Given the Raspberries ...

IT has taken years for certain natural phenomena of New England to associate themselves in my head with specific dates. It was nearly 10 years in Boston before the fact of foliage season generally peaking around Columbus Day, the second weekend in October, became fixed in my consciousness; and it was a bit longer than that before it fully registered that it is pointless to put away one's wool suits for the season until the second week in June.

And so, having finally hit upon the last Saturday in July as the date to count on for my annual raspberrying expedition, I was somewhat dismayed to hear, when I called the tape-recorded report at the pick-your-own berry farm the Thursday before, that it would be "the last raspberries of the season" that would be available for picking the following morning. And though the farm would be open from 8 a.m. on Saturday morning, too, there were no promises as to how long the raspberries would last. The cheerful

recorded voice went on about blackberries and peaches and other delights, but for me, these were mere sideshows.

This was clearly a raspberry emergency. I knew I had to be out at the farm when it opened at eight Friday morning.

It was a beautiful drive through the summer morning - the early sunbeams raking across the stone walls and catching the flowers, wild and otherwise, blooming nonchalantly along the road. At a time like this one is grateful for the compactness of New England: One travels from city to suburb to countryside here in fewer miles than it can take to get out of the parking lot out West.

The woman behind the counter when I got to the farm looked a little skeptical when I arrived and expressed interest in raspberries, but she did give me a box - a box for strawberries - and directed me out to the appropriate part of the farm.

There, alone except for the company of the assiduous bumblebees, I contemplated the lessons of the berry patch.

The first, of course, is carpe diem, seize the day, even when it turns out to have to be Friday instead of Saturday: The ripe berries must be picked and eaten now; to have no time for them would be to be out of sync with the natural world.

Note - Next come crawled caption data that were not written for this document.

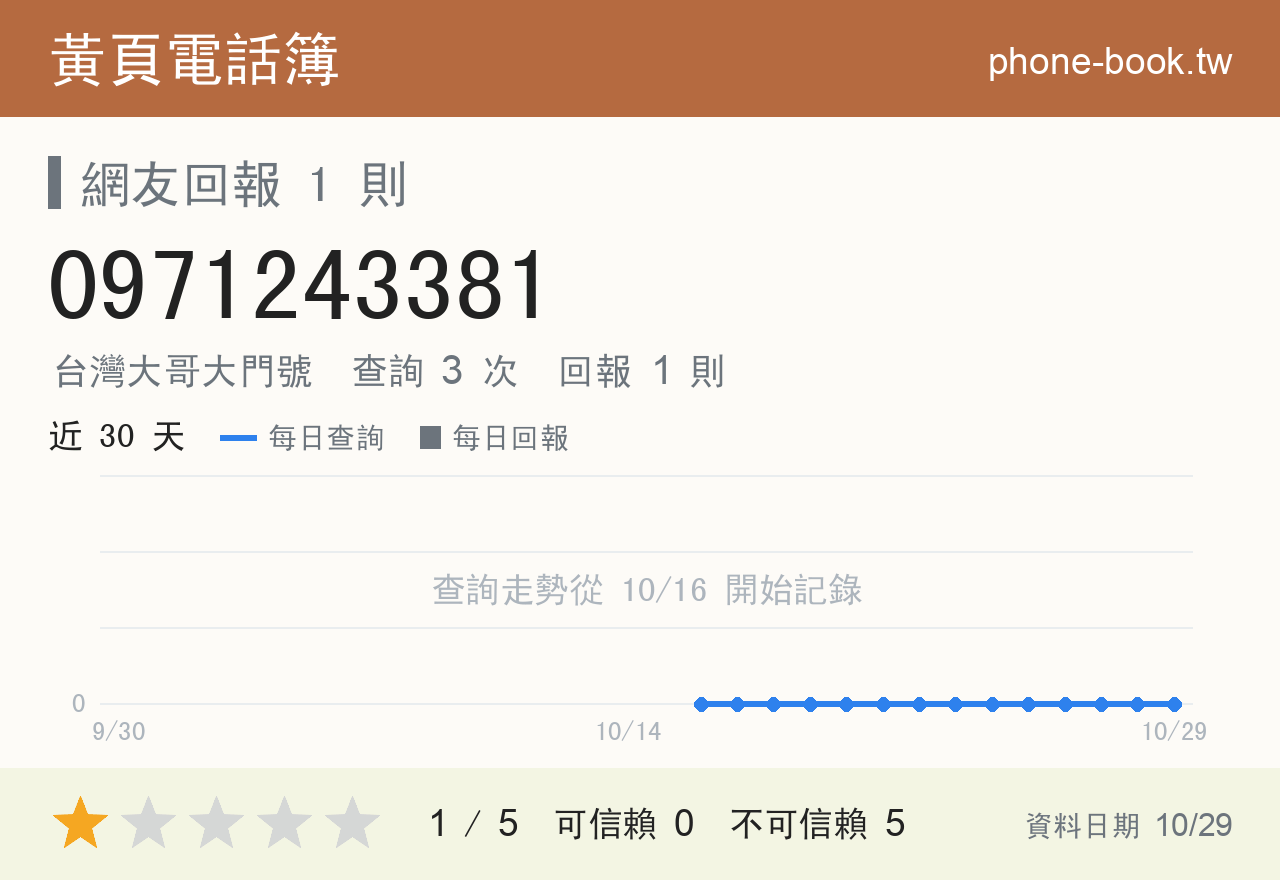 0971243381 評分卡：查詢 3 次、網友回報 1 則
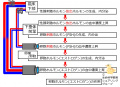 2017年2月27日 (月) 18:39時点における版のサムネイル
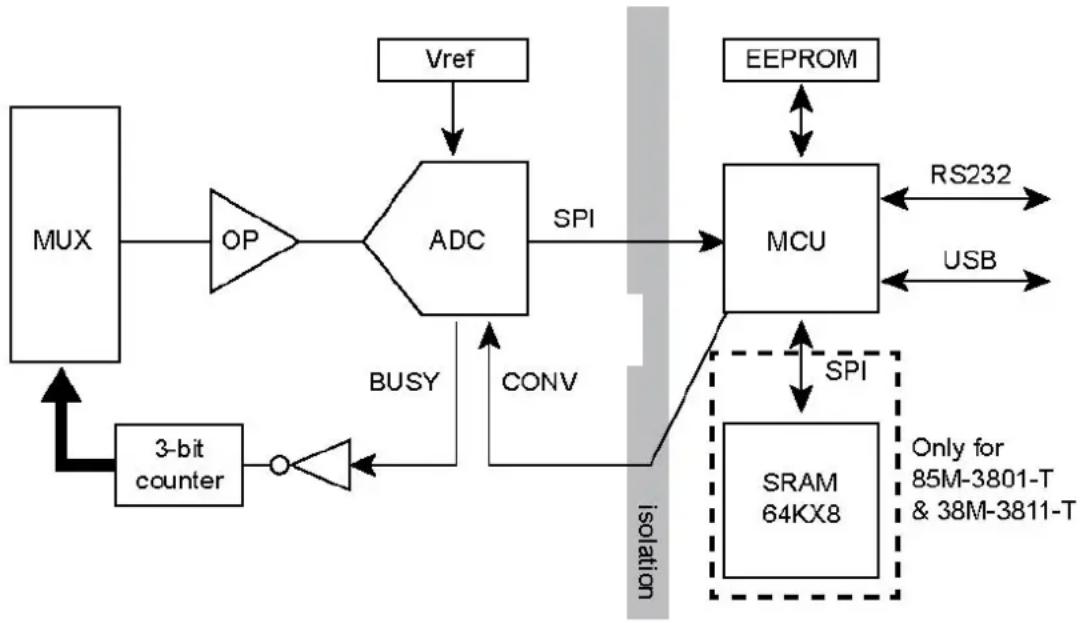 Moxa RM-3802-T - Block Diagram - 1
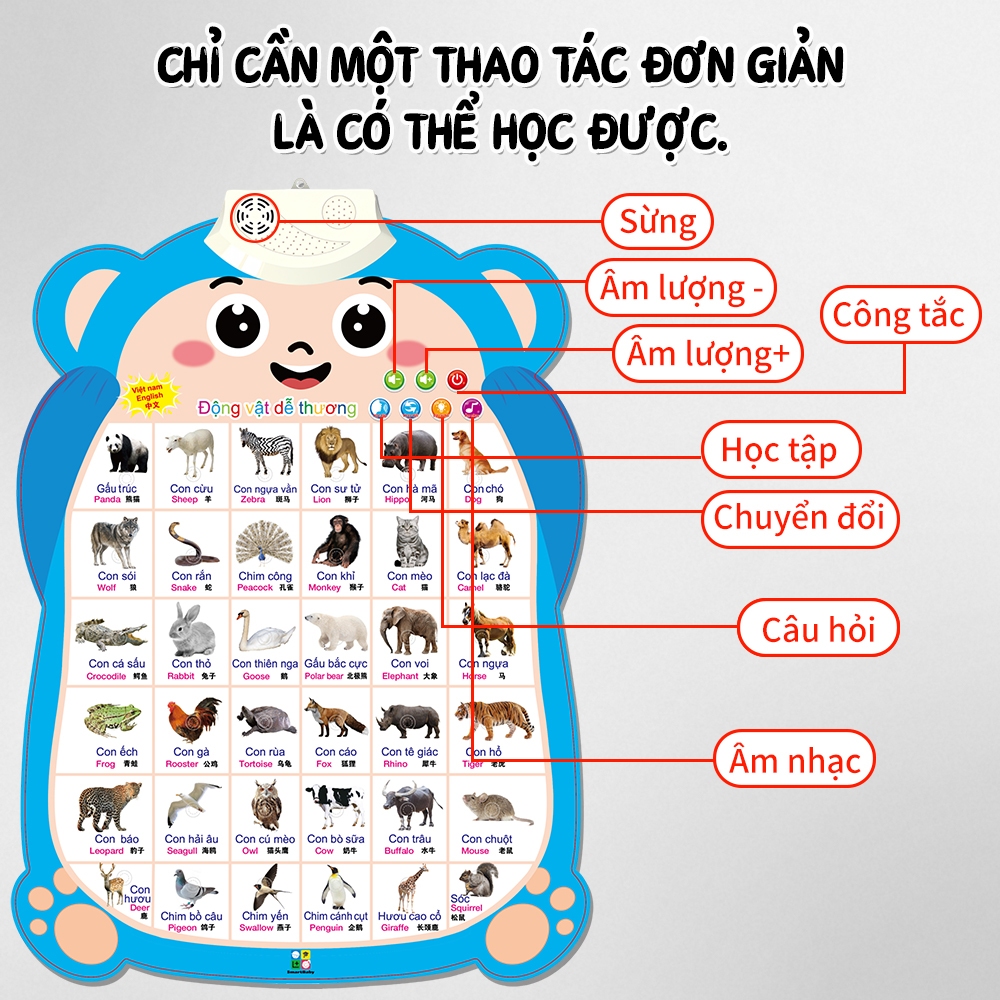 Bảng Học Tập Trẻ Em 3 Ngôn Ngữ Việt-Anh-Trung, Thú Nhí Độc Đáo, Học Chữ Cái, Động Vật & Xe Cộ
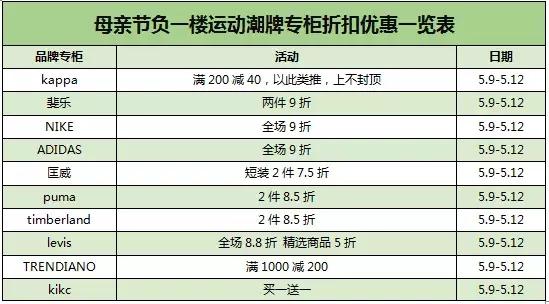 母亲节好玩的活动,母亲节搞的活动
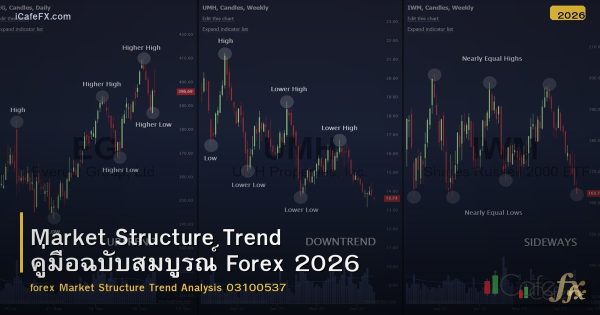Market Structure Trend คู่มือฉบับสมบูรณ์ Forex 2026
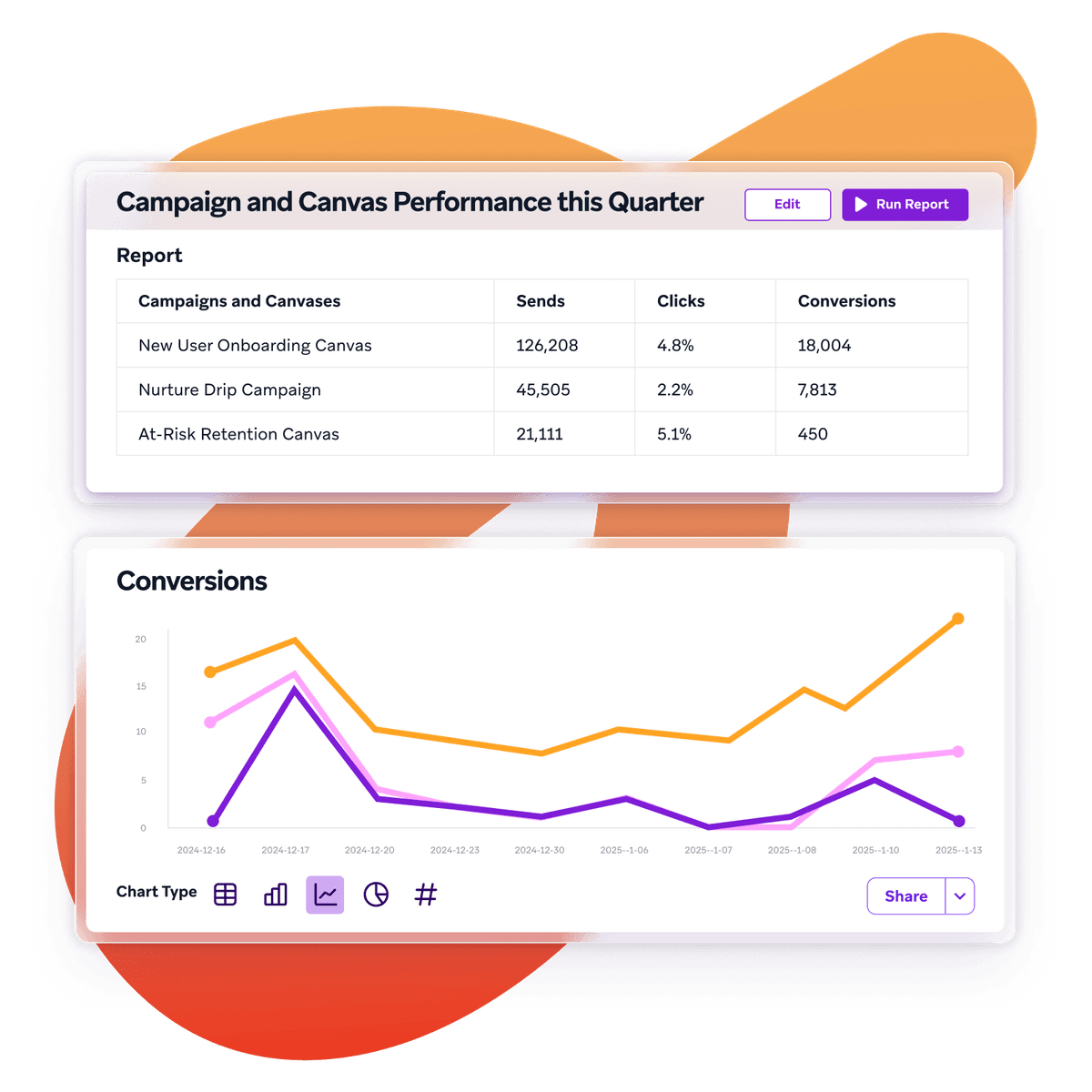 a screenshot of a campaign and canvas performance report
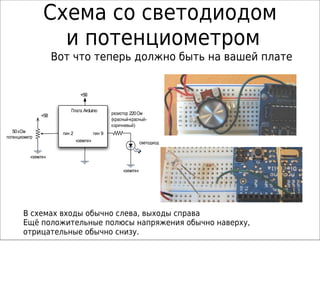 Схема со светодиодом
и потенциометром
В схемах входы обычно слева, выходы справа
Ещё положительные полюсы напряжения обычно наверху,
отрицательные обычно снизу.
ArduinoПлата
« »земля
2пин
+5В
+5В
« »земля
50кОм
потенциометр
9пин
светодиод
220резистор Ом
( - -красный красный
)коричневый
« »земля
Вот что теперь должно быть на вашей плате
 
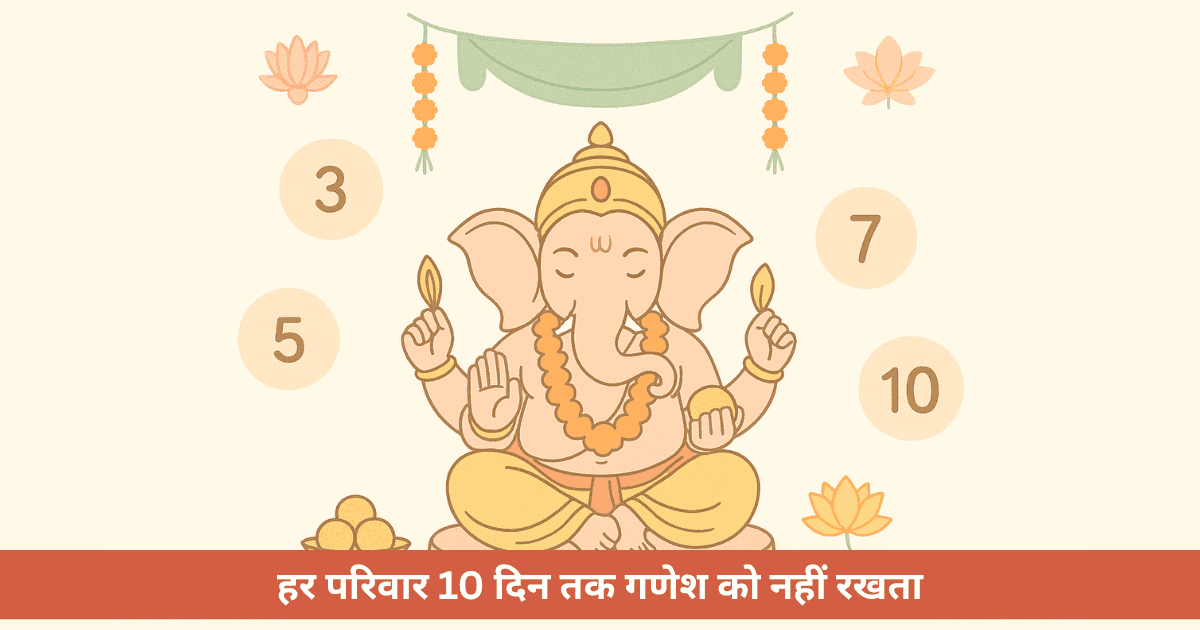 गणपति को 3, 5, 7 या 10 दिनों तक क्यों रखते हैं?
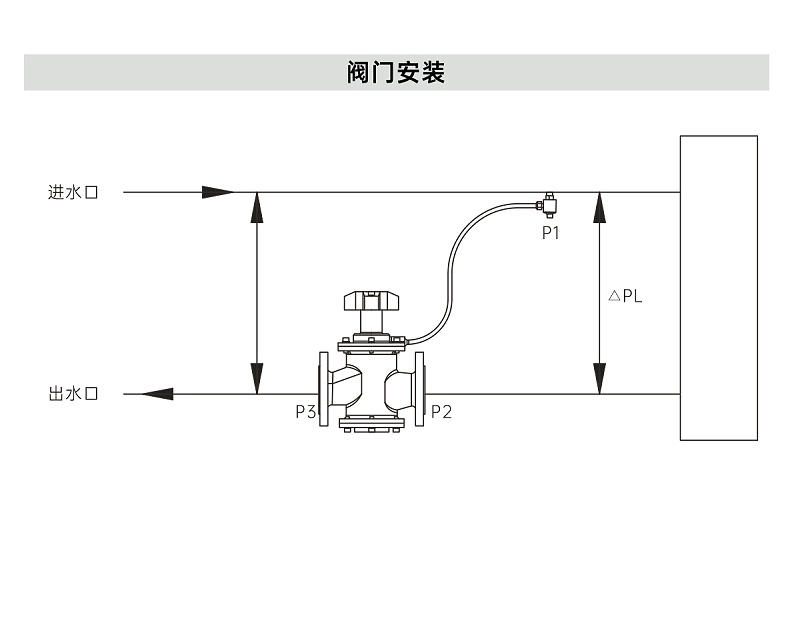 動(dòng)態(tài)壓差平衡閥安裝在空調(diào)系統(tǒng)什么位置-艾德默閥門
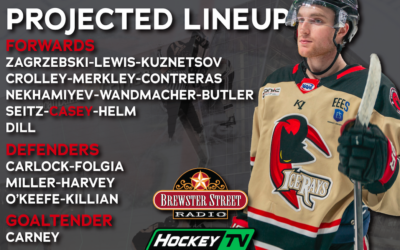 Projected Lineup (1/22 vs. El Paso)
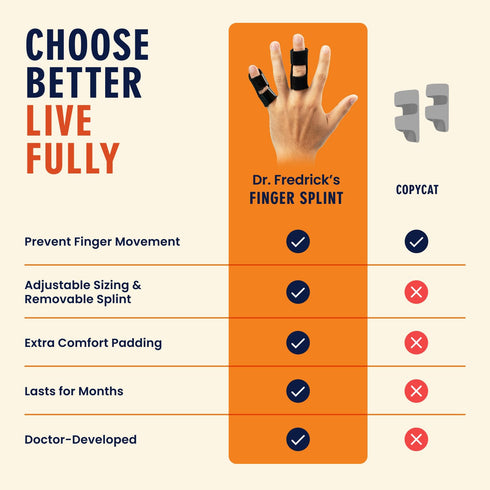 Dr. Frederick's Original Trigger Finger Splint - 2 ct - Mallet Splint & Brace for Arthritis, Injury, & Sprain - Fits Index, Middle, & Ring Fingers...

A second lesson is how easy the berries really are to find, even at the end of the season. If none are in plain view, simply lifting a branch or dropping to one's knees may provide all the fresh perspective one needs to find the little red jewels. This may be a hint for a journalist looking to round up more than the usual sources, or for anyone searching for new ideas, for fresh inspiration when one's thoughts seem pretty well picked over.

But if there is a single most important lesson in the raspberry patch it is the rightness of ripeness: the way the berry simply comes away from the plant when one grasps it ever so gently, if it is ripe, but hangs on, ever so subtly, if it is not. When the berry is not ripe for you, it must be left to whatever pickers may come after. There is no point in picking the unripe berry - or in forcing a decision prematurely, or in taking that which is not intended for us, or in acting before the moment is right .

The rightness of ripeness is a phenomenon not unique to raspberries: One experiences it with apples, peaches, other berries. But it is most perfectly expressed by the raspberry, which leaves behind on the bush everything but its pure red edible self.